EXERCISE REQUIREMENTS
Repeat exactly, and only, the lines of the entries below from the one with "the red wolf" through the one with "Tricolored herons (Egretta", both ends included.

RECORD EXCERPTS
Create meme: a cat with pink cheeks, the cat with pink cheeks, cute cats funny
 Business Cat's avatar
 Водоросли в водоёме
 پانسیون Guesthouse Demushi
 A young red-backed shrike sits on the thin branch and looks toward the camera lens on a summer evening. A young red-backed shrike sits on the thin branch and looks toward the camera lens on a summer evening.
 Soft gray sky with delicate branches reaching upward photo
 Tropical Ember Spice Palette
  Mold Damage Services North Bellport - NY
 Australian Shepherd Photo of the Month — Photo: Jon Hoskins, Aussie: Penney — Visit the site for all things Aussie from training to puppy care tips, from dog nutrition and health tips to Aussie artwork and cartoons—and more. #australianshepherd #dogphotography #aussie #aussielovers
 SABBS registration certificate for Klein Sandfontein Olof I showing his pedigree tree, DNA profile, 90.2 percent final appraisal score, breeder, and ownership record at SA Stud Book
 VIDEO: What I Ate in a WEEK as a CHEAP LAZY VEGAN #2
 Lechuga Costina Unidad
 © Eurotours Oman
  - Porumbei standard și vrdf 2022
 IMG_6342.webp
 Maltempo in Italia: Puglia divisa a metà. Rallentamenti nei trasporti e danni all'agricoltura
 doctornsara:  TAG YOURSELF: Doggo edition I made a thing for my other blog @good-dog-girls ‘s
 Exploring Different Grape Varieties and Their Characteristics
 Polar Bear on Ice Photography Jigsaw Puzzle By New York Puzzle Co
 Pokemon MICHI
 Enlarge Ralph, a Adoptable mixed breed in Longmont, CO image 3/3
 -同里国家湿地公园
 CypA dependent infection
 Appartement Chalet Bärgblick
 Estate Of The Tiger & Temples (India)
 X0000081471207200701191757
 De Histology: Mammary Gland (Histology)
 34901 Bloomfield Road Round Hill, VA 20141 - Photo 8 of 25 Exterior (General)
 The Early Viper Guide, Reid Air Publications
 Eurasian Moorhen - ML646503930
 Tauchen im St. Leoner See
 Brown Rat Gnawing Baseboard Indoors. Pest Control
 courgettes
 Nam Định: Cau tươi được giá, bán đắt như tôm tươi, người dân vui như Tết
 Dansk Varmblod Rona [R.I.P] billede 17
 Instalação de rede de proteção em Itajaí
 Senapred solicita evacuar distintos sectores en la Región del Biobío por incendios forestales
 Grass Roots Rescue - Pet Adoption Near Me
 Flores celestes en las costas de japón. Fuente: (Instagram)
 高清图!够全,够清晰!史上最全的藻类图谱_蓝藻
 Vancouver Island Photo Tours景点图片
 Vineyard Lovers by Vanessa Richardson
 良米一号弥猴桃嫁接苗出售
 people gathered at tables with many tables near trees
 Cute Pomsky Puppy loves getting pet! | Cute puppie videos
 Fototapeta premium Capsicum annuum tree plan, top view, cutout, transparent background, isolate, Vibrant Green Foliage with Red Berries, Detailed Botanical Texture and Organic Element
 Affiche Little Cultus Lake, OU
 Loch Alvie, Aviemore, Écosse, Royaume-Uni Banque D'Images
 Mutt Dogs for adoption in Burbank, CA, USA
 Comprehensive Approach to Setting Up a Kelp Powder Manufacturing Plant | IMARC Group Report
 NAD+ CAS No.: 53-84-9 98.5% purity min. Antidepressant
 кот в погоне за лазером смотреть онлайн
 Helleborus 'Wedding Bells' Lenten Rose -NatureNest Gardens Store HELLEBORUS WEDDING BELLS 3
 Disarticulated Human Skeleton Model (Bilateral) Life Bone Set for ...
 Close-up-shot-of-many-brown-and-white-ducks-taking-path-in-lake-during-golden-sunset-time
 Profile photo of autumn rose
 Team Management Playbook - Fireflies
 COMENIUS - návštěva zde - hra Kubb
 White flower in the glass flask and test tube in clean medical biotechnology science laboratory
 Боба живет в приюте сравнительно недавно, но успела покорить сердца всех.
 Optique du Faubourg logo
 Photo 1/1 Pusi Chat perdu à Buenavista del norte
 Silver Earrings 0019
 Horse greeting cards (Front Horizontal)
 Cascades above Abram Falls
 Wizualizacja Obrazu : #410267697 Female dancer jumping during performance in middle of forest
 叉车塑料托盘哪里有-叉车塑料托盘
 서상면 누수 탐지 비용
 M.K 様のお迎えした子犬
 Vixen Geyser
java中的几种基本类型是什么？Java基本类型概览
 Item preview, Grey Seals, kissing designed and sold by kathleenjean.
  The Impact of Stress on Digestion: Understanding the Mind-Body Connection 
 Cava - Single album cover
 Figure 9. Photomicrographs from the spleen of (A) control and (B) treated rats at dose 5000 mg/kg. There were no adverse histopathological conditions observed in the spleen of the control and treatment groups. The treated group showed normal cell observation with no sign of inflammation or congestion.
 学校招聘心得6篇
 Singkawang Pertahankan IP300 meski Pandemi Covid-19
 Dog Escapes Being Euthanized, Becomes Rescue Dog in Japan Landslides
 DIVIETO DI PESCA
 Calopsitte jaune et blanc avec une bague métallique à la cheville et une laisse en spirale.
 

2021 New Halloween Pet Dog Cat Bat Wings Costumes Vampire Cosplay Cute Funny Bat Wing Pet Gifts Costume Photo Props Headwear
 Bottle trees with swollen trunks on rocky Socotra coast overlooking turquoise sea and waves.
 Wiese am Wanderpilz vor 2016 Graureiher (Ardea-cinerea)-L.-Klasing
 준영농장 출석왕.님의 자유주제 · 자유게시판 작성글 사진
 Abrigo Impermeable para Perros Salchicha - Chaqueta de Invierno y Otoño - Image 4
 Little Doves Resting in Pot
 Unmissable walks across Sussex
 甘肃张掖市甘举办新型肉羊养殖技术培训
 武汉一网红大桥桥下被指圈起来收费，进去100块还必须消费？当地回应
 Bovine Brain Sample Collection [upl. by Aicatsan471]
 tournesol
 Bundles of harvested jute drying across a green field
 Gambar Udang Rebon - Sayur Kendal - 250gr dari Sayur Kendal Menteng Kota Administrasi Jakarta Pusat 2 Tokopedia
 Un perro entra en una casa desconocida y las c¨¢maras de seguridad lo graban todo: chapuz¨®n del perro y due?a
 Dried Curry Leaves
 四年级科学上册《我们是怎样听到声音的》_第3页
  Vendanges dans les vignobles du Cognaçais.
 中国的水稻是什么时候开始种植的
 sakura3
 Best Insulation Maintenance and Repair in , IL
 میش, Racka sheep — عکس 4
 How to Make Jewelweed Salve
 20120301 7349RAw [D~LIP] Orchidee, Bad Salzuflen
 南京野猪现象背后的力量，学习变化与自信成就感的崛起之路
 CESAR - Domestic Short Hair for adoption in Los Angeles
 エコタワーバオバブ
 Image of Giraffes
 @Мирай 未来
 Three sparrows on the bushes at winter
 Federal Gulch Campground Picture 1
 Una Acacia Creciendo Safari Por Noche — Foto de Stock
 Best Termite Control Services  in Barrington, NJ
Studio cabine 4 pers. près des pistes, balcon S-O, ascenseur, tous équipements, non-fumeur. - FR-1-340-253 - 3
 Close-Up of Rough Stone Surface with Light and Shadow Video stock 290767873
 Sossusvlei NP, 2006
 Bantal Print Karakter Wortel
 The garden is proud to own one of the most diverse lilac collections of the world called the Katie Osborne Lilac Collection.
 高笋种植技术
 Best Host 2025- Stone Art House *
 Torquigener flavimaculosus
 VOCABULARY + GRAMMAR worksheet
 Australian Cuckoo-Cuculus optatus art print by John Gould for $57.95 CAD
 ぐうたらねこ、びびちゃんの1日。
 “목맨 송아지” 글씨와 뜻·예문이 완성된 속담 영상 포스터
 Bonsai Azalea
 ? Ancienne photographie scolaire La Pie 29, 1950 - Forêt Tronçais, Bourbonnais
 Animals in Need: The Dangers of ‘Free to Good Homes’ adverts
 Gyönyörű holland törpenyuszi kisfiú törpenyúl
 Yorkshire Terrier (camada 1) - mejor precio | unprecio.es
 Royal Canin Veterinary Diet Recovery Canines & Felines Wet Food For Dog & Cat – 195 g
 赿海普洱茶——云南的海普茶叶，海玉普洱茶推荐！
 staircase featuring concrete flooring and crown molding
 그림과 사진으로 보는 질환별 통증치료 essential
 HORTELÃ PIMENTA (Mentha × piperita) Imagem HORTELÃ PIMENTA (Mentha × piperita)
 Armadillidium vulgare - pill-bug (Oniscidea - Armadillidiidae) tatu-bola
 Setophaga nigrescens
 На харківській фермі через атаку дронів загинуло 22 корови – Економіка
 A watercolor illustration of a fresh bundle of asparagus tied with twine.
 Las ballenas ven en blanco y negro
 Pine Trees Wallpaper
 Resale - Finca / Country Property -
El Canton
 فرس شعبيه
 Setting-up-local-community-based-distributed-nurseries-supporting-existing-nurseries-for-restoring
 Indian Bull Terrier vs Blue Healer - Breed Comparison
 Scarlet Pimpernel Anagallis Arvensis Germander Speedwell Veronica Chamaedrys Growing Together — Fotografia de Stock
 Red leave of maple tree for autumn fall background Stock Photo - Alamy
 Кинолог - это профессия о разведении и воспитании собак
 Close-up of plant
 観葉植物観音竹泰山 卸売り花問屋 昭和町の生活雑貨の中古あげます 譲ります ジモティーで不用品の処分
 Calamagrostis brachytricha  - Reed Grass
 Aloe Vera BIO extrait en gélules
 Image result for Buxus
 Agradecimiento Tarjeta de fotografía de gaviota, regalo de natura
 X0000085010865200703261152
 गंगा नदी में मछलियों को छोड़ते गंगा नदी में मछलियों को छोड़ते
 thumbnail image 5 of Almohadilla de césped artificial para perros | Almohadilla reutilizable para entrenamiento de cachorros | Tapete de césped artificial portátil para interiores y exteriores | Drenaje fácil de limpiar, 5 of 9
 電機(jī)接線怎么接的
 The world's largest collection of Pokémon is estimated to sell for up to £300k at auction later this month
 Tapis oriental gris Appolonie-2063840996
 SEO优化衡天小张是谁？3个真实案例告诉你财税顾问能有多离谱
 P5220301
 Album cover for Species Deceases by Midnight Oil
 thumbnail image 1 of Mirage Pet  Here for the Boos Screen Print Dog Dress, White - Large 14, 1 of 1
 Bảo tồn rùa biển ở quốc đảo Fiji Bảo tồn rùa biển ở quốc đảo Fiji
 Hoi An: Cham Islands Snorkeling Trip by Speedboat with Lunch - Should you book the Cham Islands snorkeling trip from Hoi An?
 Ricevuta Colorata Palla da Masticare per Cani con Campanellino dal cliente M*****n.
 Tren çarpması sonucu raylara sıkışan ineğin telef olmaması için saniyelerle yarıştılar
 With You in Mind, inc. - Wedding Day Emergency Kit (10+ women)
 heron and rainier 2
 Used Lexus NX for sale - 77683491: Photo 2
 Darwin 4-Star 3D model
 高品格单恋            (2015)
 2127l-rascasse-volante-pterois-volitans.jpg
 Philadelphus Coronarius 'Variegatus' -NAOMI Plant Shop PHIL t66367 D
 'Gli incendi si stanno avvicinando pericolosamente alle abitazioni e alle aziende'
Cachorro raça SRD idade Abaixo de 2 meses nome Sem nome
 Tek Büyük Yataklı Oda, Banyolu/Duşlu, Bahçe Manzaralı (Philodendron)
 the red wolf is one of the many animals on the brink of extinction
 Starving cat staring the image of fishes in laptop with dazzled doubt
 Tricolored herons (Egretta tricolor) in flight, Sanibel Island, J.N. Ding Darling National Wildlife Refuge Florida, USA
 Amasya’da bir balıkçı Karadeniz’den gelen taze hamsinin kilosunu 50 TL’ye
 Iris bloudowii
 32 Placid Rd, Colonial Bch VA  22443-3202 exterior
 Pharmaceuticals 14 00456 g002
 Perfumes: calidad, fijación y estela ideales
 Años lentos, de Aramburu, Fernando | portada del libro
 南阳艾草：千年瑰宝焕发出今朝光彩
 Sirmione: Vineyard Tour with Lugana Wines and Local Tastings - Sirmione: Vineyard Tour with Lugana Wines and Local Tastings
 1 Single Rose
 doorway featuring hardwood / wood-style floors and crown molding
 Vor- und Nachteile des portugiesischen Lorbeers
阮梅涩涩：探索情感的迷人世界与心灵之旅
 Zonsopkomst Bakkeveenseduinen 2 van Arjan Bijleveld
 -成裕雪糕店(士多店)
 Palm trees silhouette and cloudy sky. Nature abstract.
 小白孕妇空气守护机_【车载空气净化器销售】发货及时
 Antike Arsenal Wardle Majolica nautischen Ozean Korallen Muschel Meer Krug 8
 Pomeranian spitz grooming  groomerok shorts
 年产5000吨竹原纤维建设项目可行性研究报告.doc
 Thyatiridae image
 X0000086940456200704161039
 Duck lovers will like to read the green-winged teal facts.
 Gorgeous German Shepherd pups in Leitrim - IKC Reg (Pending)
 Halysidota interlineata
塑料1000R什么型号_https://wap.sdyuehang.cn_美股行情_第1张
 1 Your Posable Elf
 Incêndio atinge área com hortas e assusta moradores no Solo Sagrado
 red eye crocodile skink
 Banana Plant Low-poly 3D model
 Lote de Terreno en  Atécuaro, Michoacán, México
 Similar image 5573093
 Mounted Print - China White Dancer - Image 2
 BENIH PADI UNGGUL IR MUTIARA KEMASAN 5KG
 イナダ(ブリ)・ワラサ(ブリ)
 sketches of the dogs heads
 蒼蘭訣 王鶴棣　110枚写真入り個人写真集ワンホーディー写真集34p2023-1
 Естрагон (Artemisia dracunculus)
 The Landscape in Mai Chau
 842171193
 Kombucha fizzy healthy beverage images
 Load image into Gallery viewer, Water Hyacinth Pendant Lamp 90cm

WRITTEN SOLUTION
 the red wolf is one of the many animals on the brink of extinction
 Starving cat staring the image of fishes in laptop with dazzled doubt
 Tricolored herons (Egretta tricolor) in flight, Sanibel Island, J.N. Ding Darling National Wildlife Refuge Florida, USA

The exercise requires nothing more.